O segundo turno da eleição presidencial foi marcado por uma forte polarização, que chegou a envolver símbolos nacionais como as cores da bandeira colombiana e a camisa da seleção de futebol, em meio à Copa do Mundo.
O ultradireitista Abelardo de la Espriella, candidato de direita, pediu que seus apoiadores usassem a camisa da seleção no primeiro turno, realizado em 31 de maio. No entanto, no segundo turno, muitos eleitores do adversário, o senador Iván Cepeda, aliado do atual presidente Gustavo Petro, também adotaram a camisa e a bandeira da Colômbia como símbolos de apoio.
A médica Paula Mora, 34 anos, por exemplo, usou uma camiseta branca com as cores da bandeira e uma ilustração de Jorge Eliécer Gaitán, líder político assassinado em 1948, para diferenciar seu voto de esquerda da extrema direita representada por Espriella.
Os apoiadores de Cepeda organizaram sessões de serigrafia para personalizar camisas da seleção com figuras de esquerda, enquanto o próprio senador chegou a questionar o uso da camisa pelo adversário junto à Federação Colombiana de Futebol.
Na véspera da votação, manifestantes pró-Cepeda distribuíram santinhos em formato de figurinhas de álbum e panfletos com tabelas para apostas nos jogos da Copa do Mundo, com a frase “No segundo turno viramos”.

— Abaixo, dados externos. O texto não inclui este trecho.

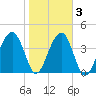 US 17 Bridge tide chart for Wednesday, February 3, 2021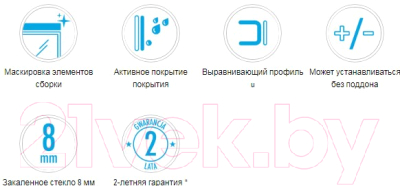 Душевая стенка Deante Hiacynt KQH 032S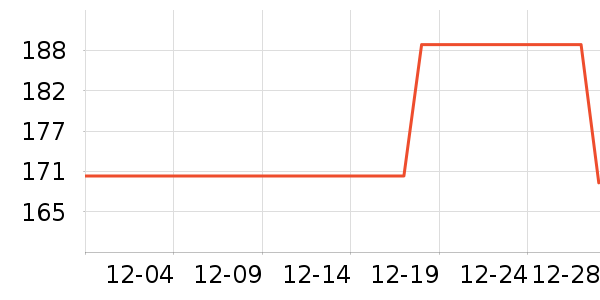 ��ľ/ƴ����ʷ�۸�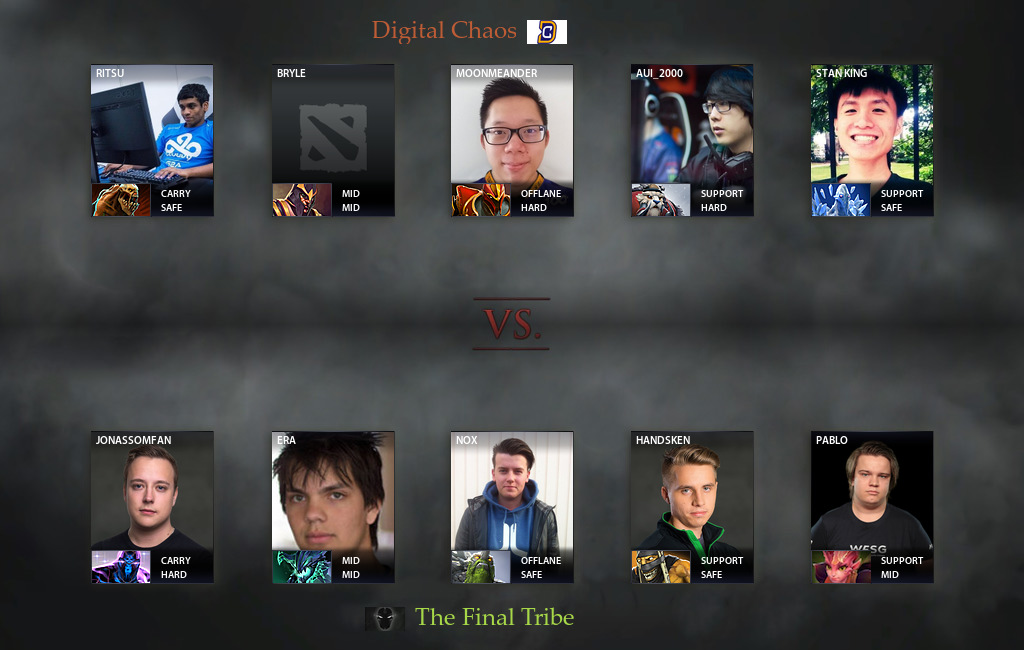 the final tribe dota 2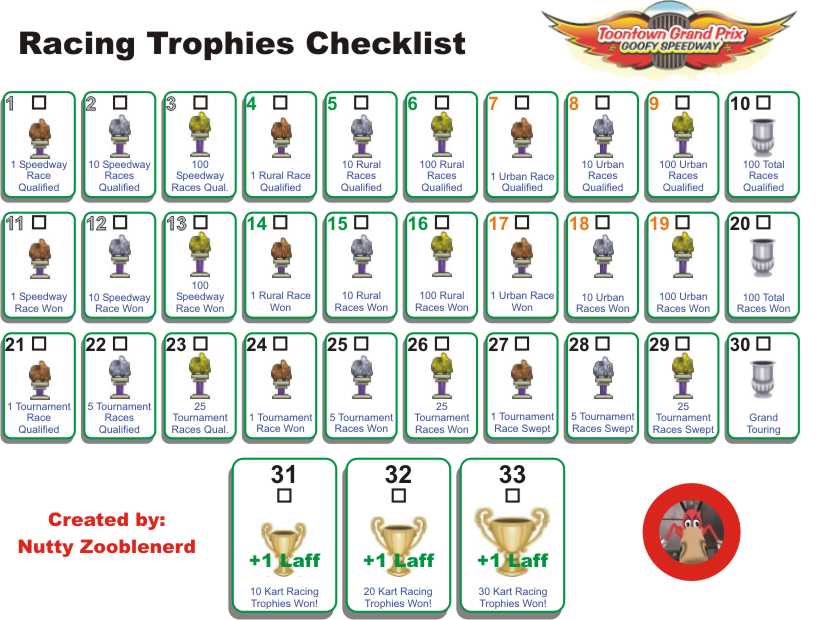 Image:Goofy_Speedway_Trophies.jpg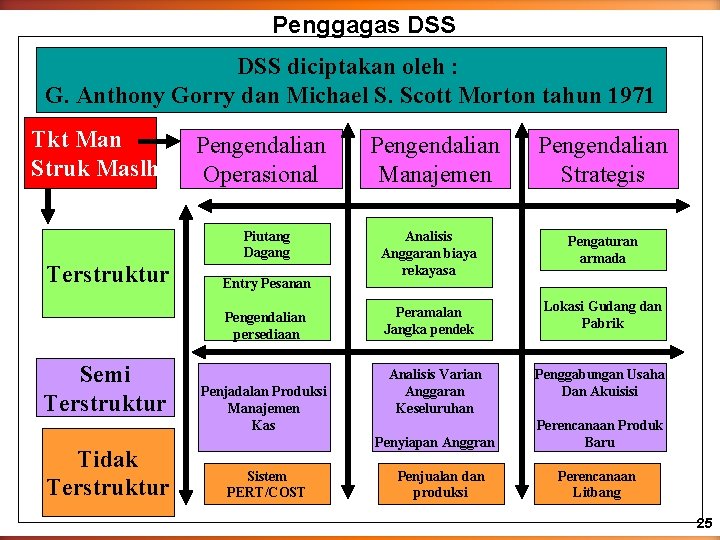 Penggagas DSS diciptakan oleh : G. Anthony Gorry dan Michael S. Scott Morton tahun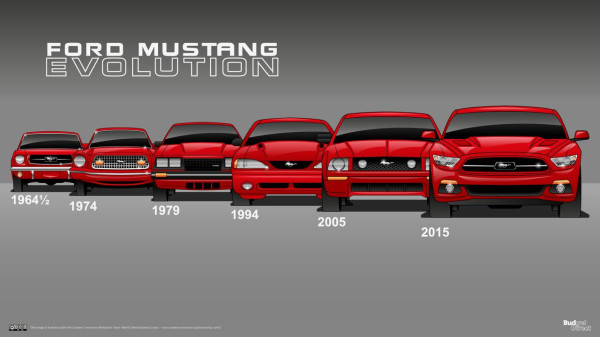 Diprediksi Jadi Mobil Listrik, Ford Mustang Terbaru Hadir 14 September 2022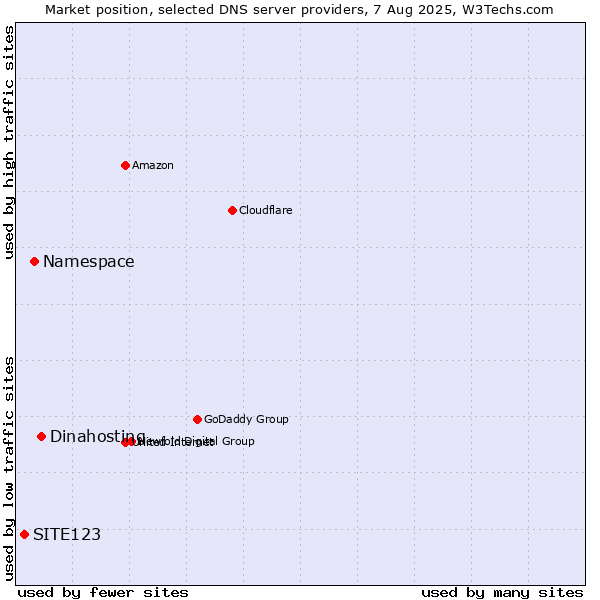 Market position of Dinahosting vs. Namespace vs. SITE123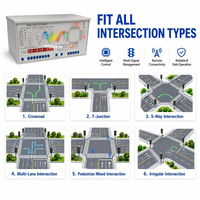 Contrôleur de signalisation routière professionnel de qualité municipale ATC, système haute tension triphasé AC85-265V pour la gestion des routes urbaines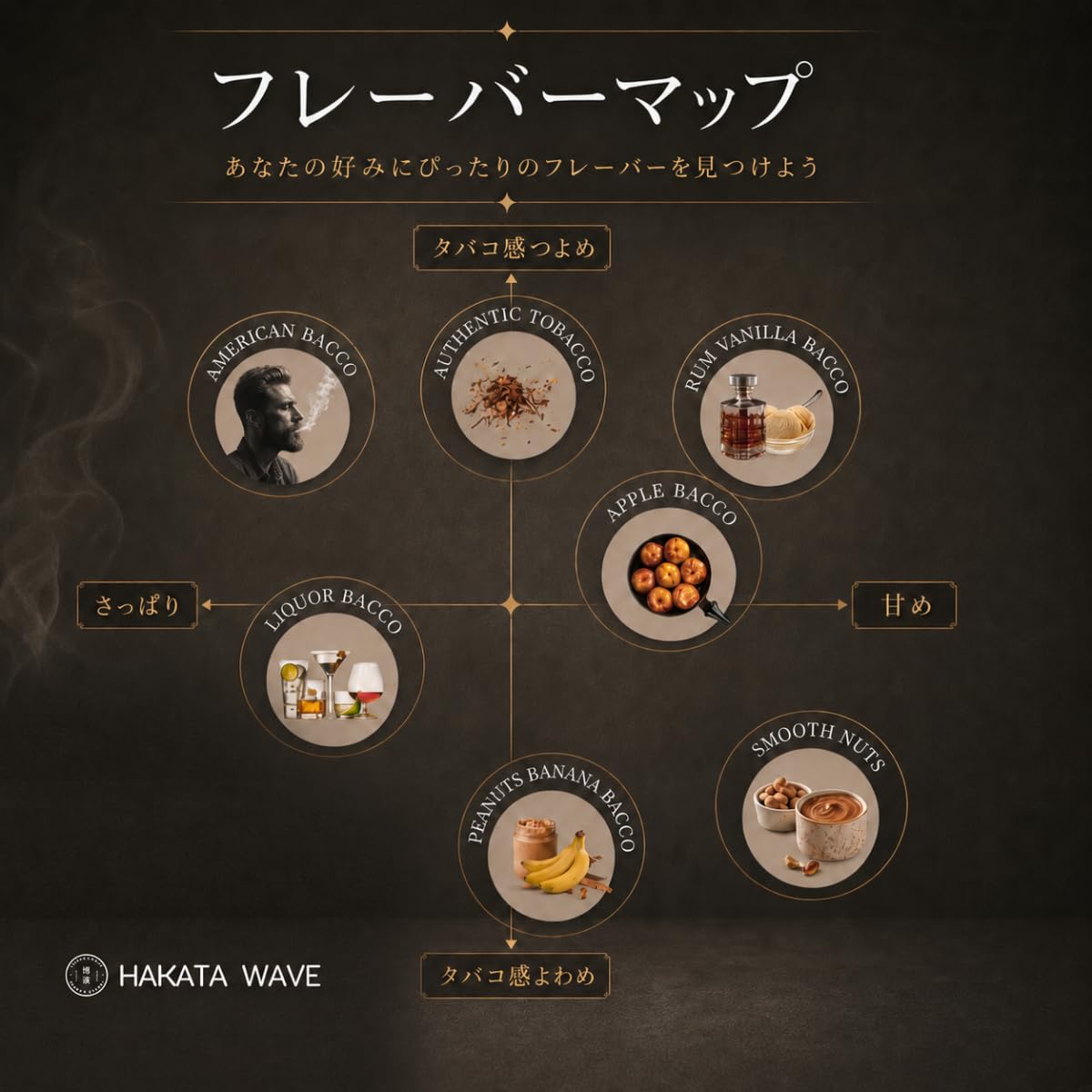 Amazon | HAKATA WAVE（AMERICAN BACCO/アメリカンバッコ メンソール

Apesar da expectativa de uma possível virada, pesquisas indicam que o ultradireitista Abelardo de la Espriella mantém vantagem sobre Iván Cepeda, que ficou quase três pontos percentuais atrás no primeiro turno.
O clima de polarização era evidente nos locais de votação, com manifestações e provocações entre os apoiadores dos candidatos, incluindo gritos inspirados no presidente argentino Javier Milei, uma referência para Espriella.
Paula Mora expressou sua preocupação com a possibilidade da extrema direita vencer, destacando a violência e polarização que o candidato representa, e ressaltou a importância da alternância de poder.
Enquanto isso, jovens eleitores como Samuel Esteban, 20 anos, também compareceram às urnas vestindo a camisa da Colômbia, demonstrando o engajamento da população em um pleito considerado decisivo para o futuro político do país.